To all the foodie wannabes out there!

PUBLISHED:May 10, 2016 | UPDATED:05:47 AM, May 10, 2016

I have just finished reading yet another very uninformative, unconstructive and subjective “review” of a meal prepared by 3 starred Michelin chef from a person who obviously calls themselves a “foodie” and I feel obliged to talk about it today. Throughout my career in food and beverage industry I have met some outstanding chefs, restaurateurs and food critics whose contribution to the culinary world is enormous and it really hurts reading highly unprofessional feedback about them.

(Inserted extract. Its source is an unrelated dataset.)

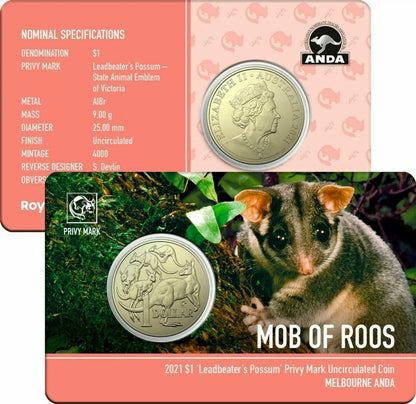 2021 $1 ANDA Melbourne Mob of Roos 'Leadbeater's Possum' Privy Mark Uncirculated Coin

Let’s have a realistic look at a few attributes of professional food critics and how they are different from the “foodie wannabes”:

1. Excellent writing and/or presentation skills.
Professional food critics: actually, a lot of them have a degree in journalism, English or broadcasting because once they are done eating they have to be able to describe the experience to their audience either through an article or a video/podcast. For that reason, excellent writing or public speaking skills are a must.

Foodie wannabe: they describe their culinary experience like a sixth grader – simple, short sentences, a lot of emotions, not too many adjectives, no descriptions of the taste, texture, cooking methods, presentation or the quality of service. “It was a bright sunny day”, “the interiors are to die for” or “ceviche was ok, but a bit too meaty” is what these self-proclaimed “experts” are communicating to their readers. It makes me (and the majority of culinary professionals around the world) sad and sometimes even angry.  

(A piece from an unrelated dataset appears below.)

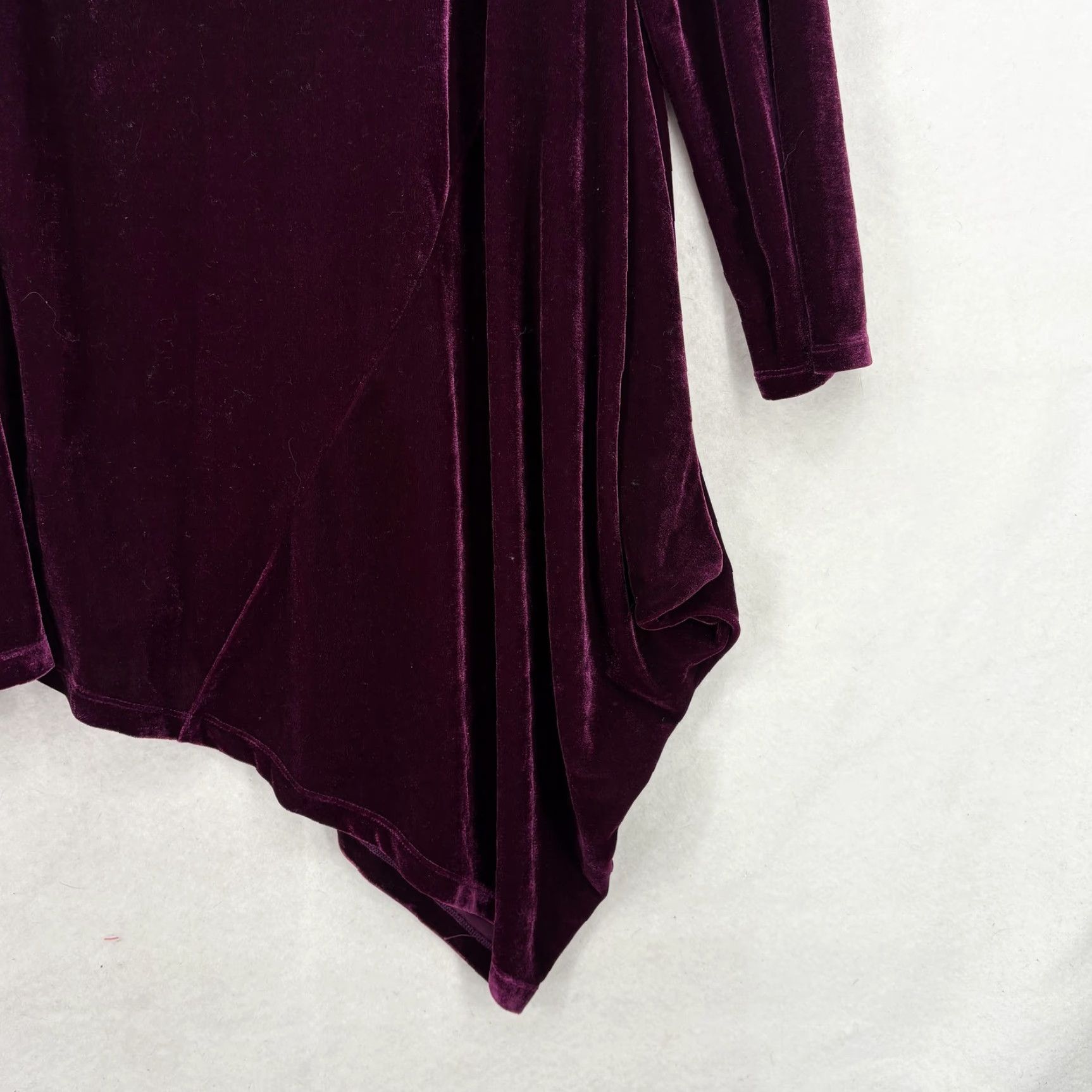Soft Surroundings Soft Surroundings Blouse Womens Medium Purple Velvet Cowl Neck Tunic Asym Hem Size M / US 6-8 / IT 42-44 - 3 Thumbnail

And don’t take me wrong – restaurant professionals love when people give them feedback about their restaurant: the service, the food, the overall experience but we always wish this feedback was somehow constructive. If things went wrong or you really didn’t like the dish I would love to hear the details or why and how. Yes, I agree some people are not capable of describing their feelings or opinion and this is fine as long as these people don’t go online claiming that they know and even advertising themselves as experts on social media channels.

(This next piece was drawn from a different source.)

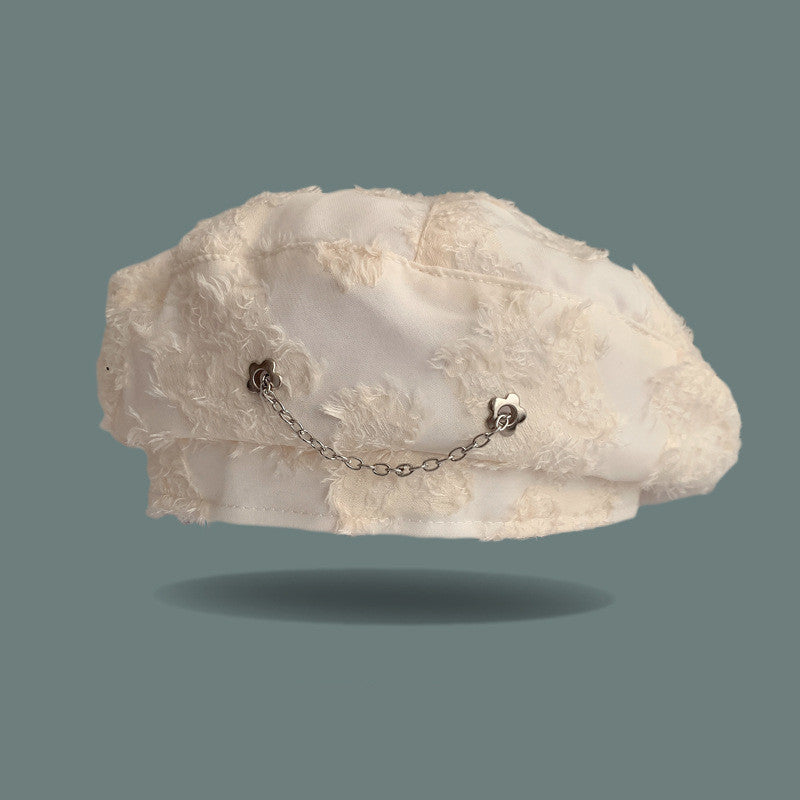 beige distressed frayed flower chain beret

2. Strong food and beverage knowledge.
Professional food critics: they train their tasting palate for years (similar to muscles the palate needs regular training), always being the first to try any kind of dishes or flavors even if it is something new for them or even if they personally don’t like it. Food critics also have deep and thorough understanding of ingredients, cooking methods, history of various dishes, celebrity chefs’ and famous restaurateurs’ biographies and they can easily intertwine all this information with their thoughts while talking about their culinary experiences.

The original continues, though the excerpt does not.